THERE’S a surprise in the Hallé Thursday
concert series on March 5 – the orchestra giving the concert is not the Hallé.
It’s not
unheard of, but it’s rare, and the result of the Hallé Orchestra being away on tour,
usually. This time the guest orchestra is the Royal Liverpool Philharmonic.
They’re conducted by their justly celebrated chief conductor, Vasily Petrenko.
It’s an
all-Russian programme, too: Rimsky-Korsakov’s overture, The Tsar’s Bride,
begins it, and Tchaikovsky’s fourth symphony is last.
There’s
more Tchaikovsky in between – the second piano concerto. This isn’t as well
known as the first, but could hardly have a better advocate – one of the
leading Russian pianists today, Nikolai Lugansky.
The
42-year-old has been compared with Rachmaninov for the brilliance and poetry of
his playing, and has earned a string of awards for his recordings – as well as
the UK’s own Terence Judd Award back in 1995 – and his
performance of Rachmaninov’s third piano concerto at 2013’s Proms was hailed as
‘classical yet thrillingly virtuosic’ and ‘breathtakingly no-nonsense’.

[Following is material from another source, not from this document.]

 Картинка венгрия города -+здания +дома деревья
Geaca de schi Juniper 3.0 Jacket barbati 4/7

He was recently on a UK tour with
the St Petersburg Philharmonic, but we missed seeing him then. Now, thanks to
the RLPO, is Manchester’s
opportunity.
When I
spoke to him he emphasized the quality of that Russian tradition he is heir to.

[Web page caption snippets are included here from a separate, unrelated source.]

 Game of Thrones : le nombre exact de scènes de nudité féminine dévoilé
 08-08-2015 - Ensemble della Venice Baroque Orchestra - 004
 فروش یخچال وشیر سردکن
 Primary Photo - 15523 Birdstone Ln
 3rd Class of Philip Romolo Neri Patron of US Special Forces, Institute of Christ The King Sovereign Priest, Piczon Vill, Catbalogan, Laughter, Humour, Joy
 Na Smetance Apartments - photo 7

He may be one of the last to come through the hot-house system of schooling
talent which was part of the Soviet era.
“From the age of five-and-a-half, when I
first got a toy piano, it was natural for me to play. My parents gave me a book
of Beethoven sonatas when I was six, and I tried to play some at a neighbour’s
house, where they had an upright piano.
“When I was six or seven, we got one
ourselves. One summer we went to see an elderly teacher who heard me try to
play my Beethoven, and he started to give me lessons.”
Soon afterwards he joined Moscow’s
Central Music School,
and 11 years later the Moscow Conservatory, where his teachers included the
legendary Tatiana Nikolayeva.
He knows that some would say the real
‘Russian’ characteristic of pianism is a singing tone – a quality often
observed in his own playing – but he’s aware that others would say it’s also
about ‘sportsmen who play loud, quickly, and all the right notes!’
That (apart from all the right notes) you
may be sure is not the Lugansky way.